Travolta himself has spoken in the past of how he retains some of the beliefs he picked up growing up as the youngest of six in a New York suburb with his Italian American father and Irish mother. The traditional Catholic belief that "a person's soul lives on forever" is, he said in that 2014 interview, something he still values.
But by that time, he had also been part of the controversial Church of Scientology for almost four decades. For Travolta – Preston, too, was a member; the pair starring in the universally-panned screen adaption of founder L.Ron Hubbard's novel, Battlefield Earth in 2000 – it proved to be his salvation after the death of Jett.
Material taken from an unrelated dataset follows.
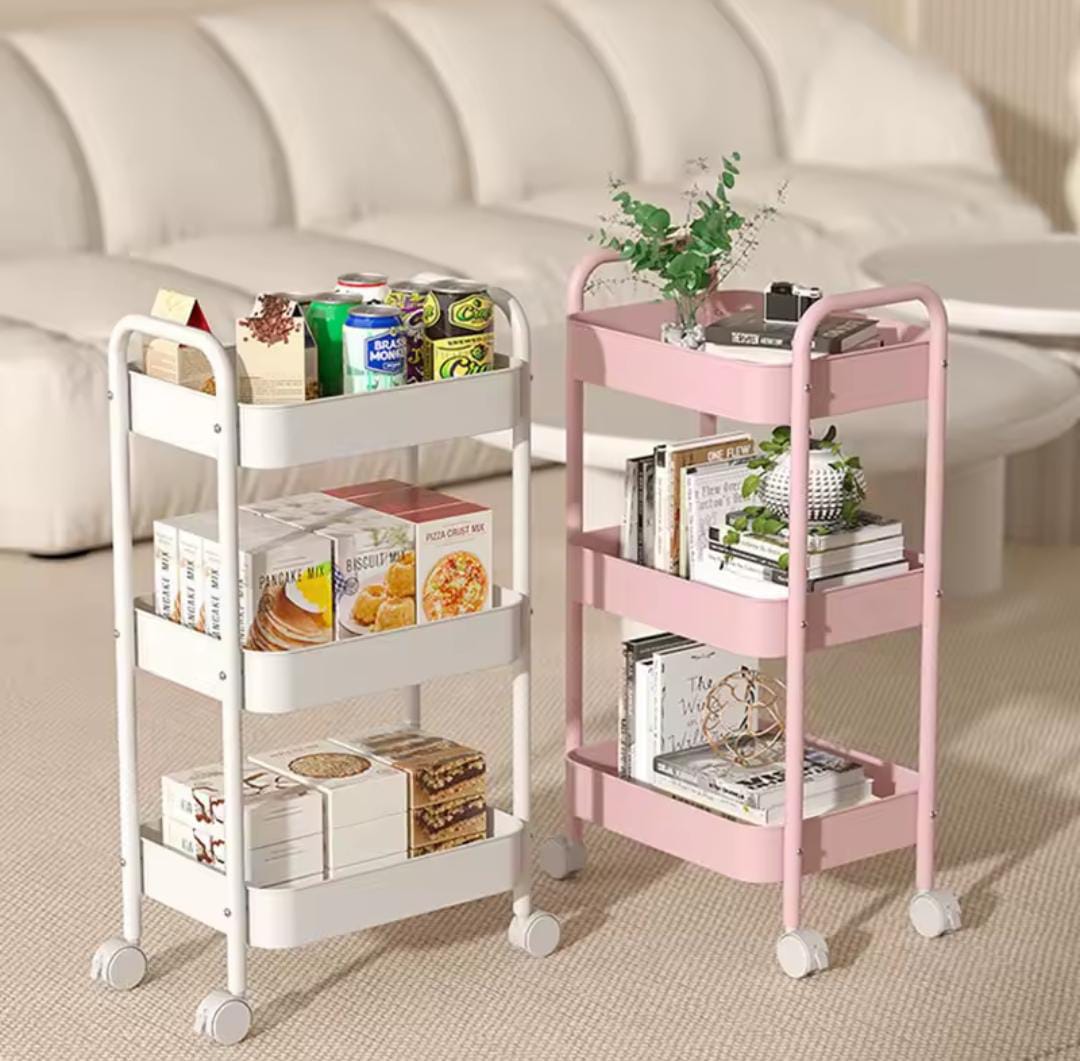 BACK IN STOCK!! Bedside Trolley | 3-Tier Multifunctional Movable & Foldable Storage Trolley Rack – Space Saving Organizer Cart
"I don't know what I would have done if I hadn't had the support of Scientology," he said. "I don't think I could have got through it. They were with me every day after Jett died. They even travelled with me when I needed to get away. And for a solid two years it was like that: they were there every day."
Scientology, he claimed "really does provide a method that helps you handle extreme tragedies." Among Hubbard's teachings is the belief that those who die are born again in a new body – unlike reincarnation, which involves an element of judgement for past lives, Hubbard once described his vision as, "simply living time after time, getting a new body, eventually losing it and getting a new one".
Travolta first embraced Scientology in 1975 after being introduced to it by the actress Joan Prather on the set of The Devil's Rain in Mexico. "I wasn't well and she gave me what's called 'an assist'," he later recalled. "I got well very quickly after that, but when I say quickly, I mean 30 minutes later."
Scientology, he has said on numerous occasions, offers not just ideas, but also practical tools – "workable technology" is how he refers to them – to banish pain. "I believe L Ron Hubbard resolved the human mind," he said in 2013, "and in resolving it he has also resolved human pain – that's what I really think has happened here."
Whatever the merits or otherwise of his religion, Travolta will need all the tools at his disposal to cope with this third tragedy. In the Instagram post announcing his wife's death, he added: "I will be taking some time to be there for my children who have lost their mother, so forgive me in advance if you don't hear from us for a while. But please know that I will feel your outpouring of love in the weeks and months ahead as we heal."
Grief is not something that can be overcome by force of will, just as cancer – as Travolta knows all too well – is not something that can always be battled and defeated. Perhaps he also knows, more than most, though, that time can bring a kind of healing.